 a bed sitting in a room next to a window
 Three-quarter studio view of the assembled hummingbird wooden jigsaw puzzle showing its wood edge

---

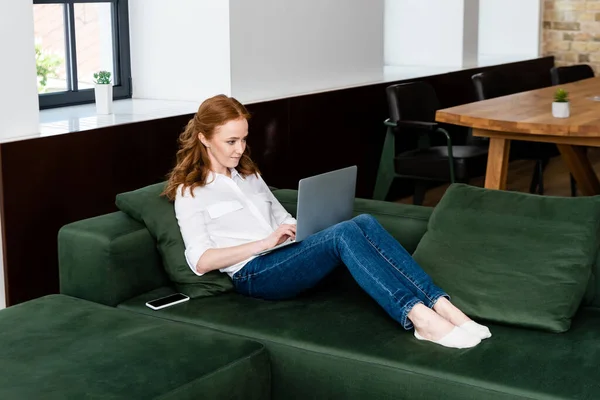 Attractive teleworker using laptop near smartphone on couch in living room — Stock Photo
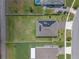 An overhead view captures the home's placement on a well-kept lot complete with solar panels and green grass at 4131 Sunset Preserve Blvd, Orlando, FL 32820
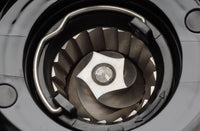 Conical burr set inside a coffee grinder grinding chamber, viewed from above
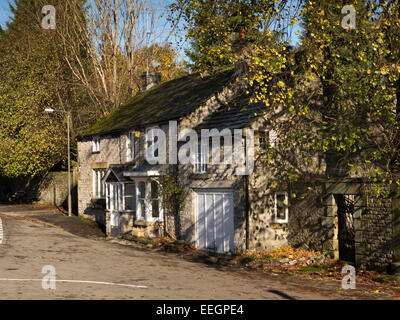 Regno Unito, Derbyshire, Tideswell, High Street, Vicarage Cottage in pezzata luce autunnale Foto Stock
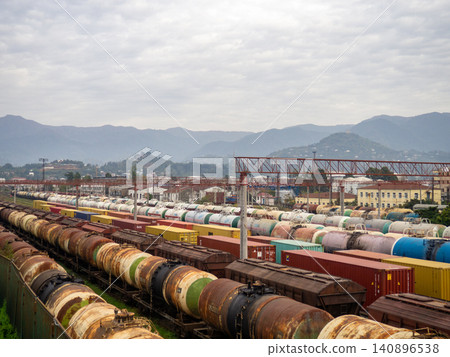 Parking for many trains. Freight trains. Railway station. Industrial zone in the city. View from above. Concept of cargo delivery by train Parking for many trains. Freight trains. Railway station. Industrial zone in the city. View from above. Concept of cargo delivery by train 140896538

» Work task: Using the records above, print exactly the lines between the ones containing "Regno Unito, Derbyshire, Tideswell, High" and "by train 140896538", inclusive, and nothing else; no pictures.

» Response for this exercise:
 Regno Unito, Derbyshire, Tideswell, High Street, Vicarage Cottage in pezzata luce autunnale Foto Stock
 Parking for many trains. Freight trains. Railway station. Industrial zone in the city. View from above. Concept of cargo delivery by train Parking for many trains. Freight trains. Railway station. Industrial zone in the city. View from above. Concept of cargo delivery by train 140896538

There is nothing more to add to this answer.